Given information:
⁂
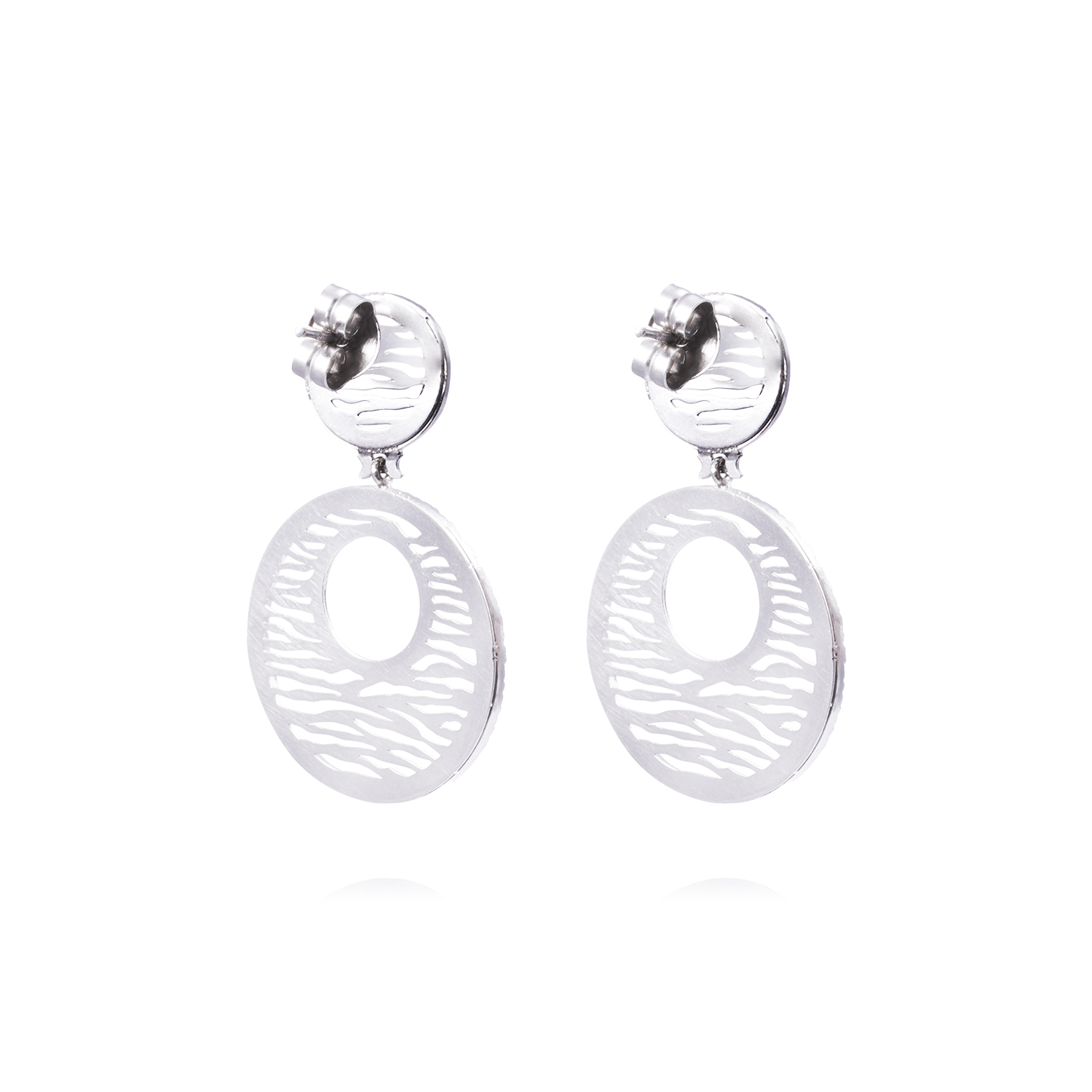 Aros Oro Blanco 18kt Dos Círculos Diamantes 1,38 Qlts 3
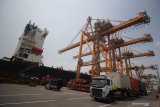 Suasana aktivitas bongkar muat kontainer dari kapal MV Holsatia yang bersandar di Dermaga Internasional PT Terminal Petikemas Surabaya (TPS), Surabaya, Jawa Timur, Sabtu (6/4/2019). PT Terminal Petikemas Surabaya meningkatkan pelayanan bongkar muat dalam satu kapal yang sebelumnya rata-rata hanya sebesar 1.700 hingga 2.000 box atau 2.700 TEUs, saat ini mampu melayani kapal dengan muatan terbesar di atas 3.100 petikemas atau sekitar 4.600 TEUs untuk mendukung perdagangan di rute-rute Inter Asia. Antara Jatim/Moch Asim/zk.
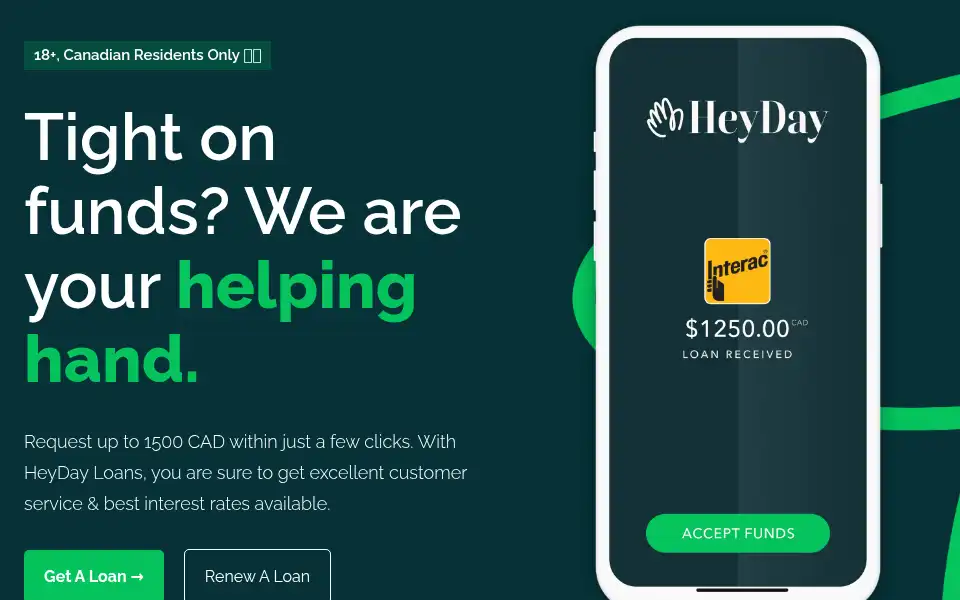 Screenshot of heydayloans.ca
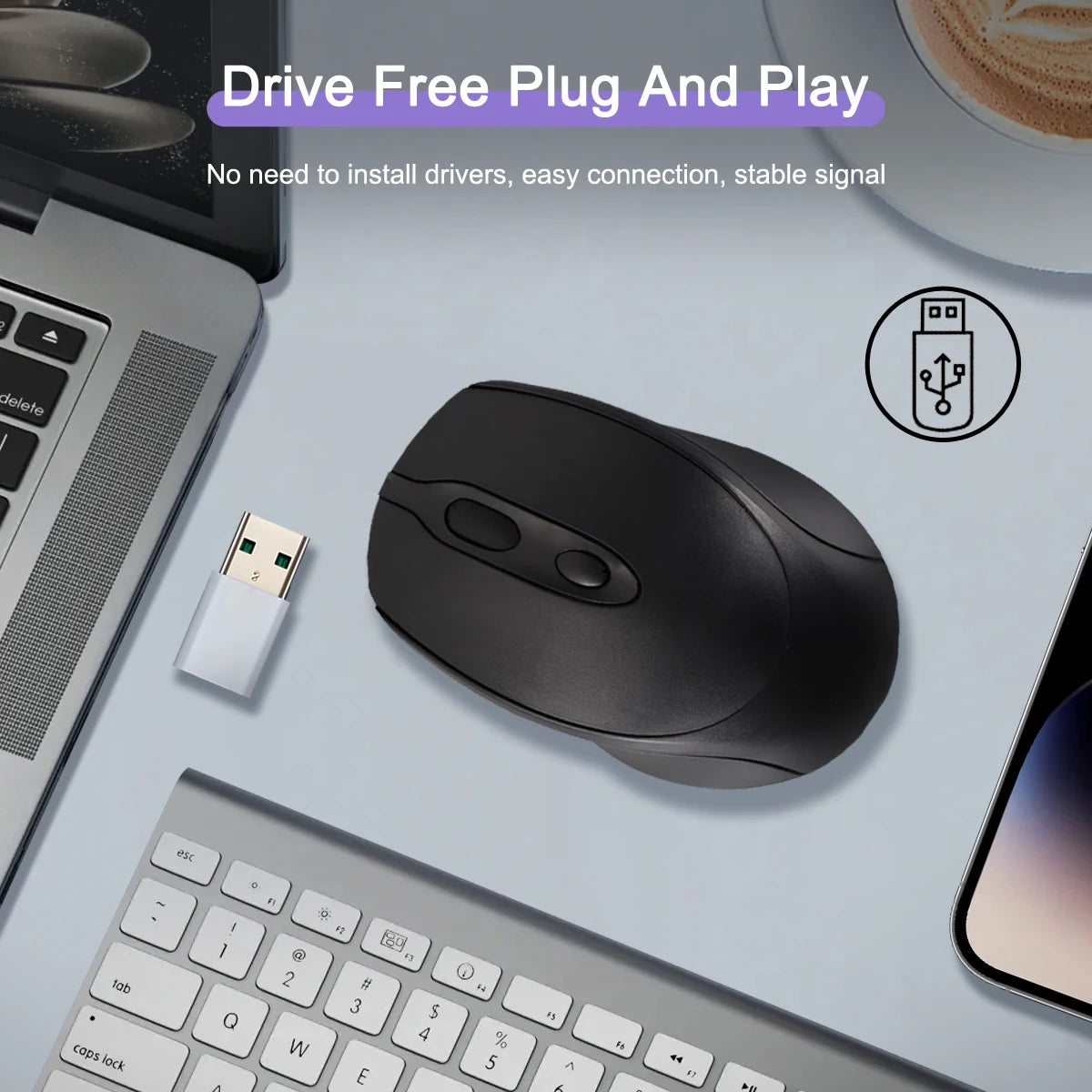 MissionFit Bluetooth Wireless Mouse Rechargeable 2.4G Silent Wireless Mouse for PC, Laptop, MacBook & Tablet with Adjustable DPI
⁂
Prompt:
From the line containing "Suasana aktivitas bongkar" down to the last line of the data, print every line exactly and nothing else. Pictures stay out of the copy.

Solved exercise:
 Suasana aktivitas bongkar muat kontainer dari kapal MV Holsatia yang bersandar di Dermaga Internasional PT Terminal Petikemas Surabaya (TPS), Surabaya, Jawa Timur, Sabtu (6/4/2019). PT Terminal Petikemas Surabaya meningkatkan pelayanan bongkar muat dalam satu kapal yang sebelumnya rata-rata hanya sebesar 1.700 hingga 2.000 box atau 2.700 TEUs, saat ini mampu melayani kapal dengan muatan terbesar di atas 3.100 petikemas atau sekitar 4.600 TEUs untuk mendukung perdagangan di rute-rute Inter Asia. Antara Jatim/Moch Asim/zk.
 Screenshot of heydayloans.ca
 MissionFit Bluetooth Wireless Mouse Rechargeable 2.4G Silent Wireless Mouse for PC, Laptop, MacBook & Tablet with Adjustable DPI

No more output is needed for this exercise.